By this point in the evening, the party had become an intimate gathering of about twelve long time friends. With the television on opposite us in the living room we all were standing around the kitchen island. The countdown to west coast New Years was ten minutes away. The host of the party had a spontaneous idea, inspired by her own accomplishments made in the past year in her life, lets all go around the room and tell the group our favorite moment of the year 2010. My mind jumped from memory to memory, and every great moment I thought of included him. It was only six weeks prior that our relationship had ended, and most of my close friends in the room still did not even know all the details of what happened. Every single great moment I had that past year, I shared with him and therefore felt they were tainted, like they were all a lie. One by one around me, my friends were producing solid accomplishments and milestones worthy of the best moment of the past year. The thought then entered my mind that I would make something up, but quickly dismissed that realizing that was even more pathetic than not having a moment at all. I tried then to distract them, by going in front of the TV, pretending to be very interested in the countdown hosted by Anderson Cooper. My friends were persistent though....what was my best moment of the past year? I burst into tears and responded that I did not have one. It was an ugly, uncontrollable cry and I had hit one of the saddest and lowest times of my life. I was so disappointed in myself for ever getting to this place, I felt no pride in the decisions I had made.  I spent the past two years of my life putting my best efforts into a relationship and a person that I truly believed in, only in the end to be given their worst. **************************************************************************
The question I have been asked most by people around me is "Why Africa?" I think the more interesting question is "Why Now?"  I have wanted to go to Africa ever since I was a young teenager.
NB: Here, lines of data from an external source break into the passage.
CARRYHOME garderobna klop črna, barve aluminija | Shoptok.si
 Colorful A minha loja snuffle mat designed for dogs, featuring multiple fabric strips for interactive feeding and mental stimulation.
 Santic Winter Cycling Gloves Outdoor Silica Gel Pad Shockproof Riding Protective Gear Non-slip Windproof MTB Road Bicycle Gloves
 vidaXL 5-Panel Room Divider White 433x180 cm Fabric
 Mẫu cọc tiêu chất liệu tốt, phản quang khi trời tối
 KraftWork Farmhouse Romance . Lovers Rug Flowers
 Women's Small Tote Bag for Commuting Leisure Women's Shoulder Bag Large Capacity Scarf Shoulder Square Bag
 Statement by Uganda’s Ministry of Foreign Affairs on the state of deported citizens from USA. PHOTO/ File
I have always had that feeling, even though I have never been there, that I belong there. It was almost a decade ago that I read that magazine article about Zanzibar that peaked my interest in a land that seemed so beautiful and so exotic. Climbing Mt.Kilimanjaro was the unspoken dream inside me, that I thought was for people more prestigious and more athletic than I. When the winter of 2010 came around, it had honestly been years since I had even thought about traveling Africa. Then as my relationship dissolved, it was all I could think about. I made so many decisions based upon what I thought another person wanted, I lost sight of what I wanted for myself. More than anything I wanted to do something I could be proud of. This trip to Africa is only 19 days long, and I hope that I will be able to call some of those days the best times of my life. However, the process of just getting to this trip has given me already so many moments that I am proud of. I am grateful and humble to the amount of support I have gotten from everyone around me. It is unexpected and amazing when a catalyst hits your life and changes everything, and I am finally at a point (days away from leaving) where I can be grateful for the experience that got me to this moment.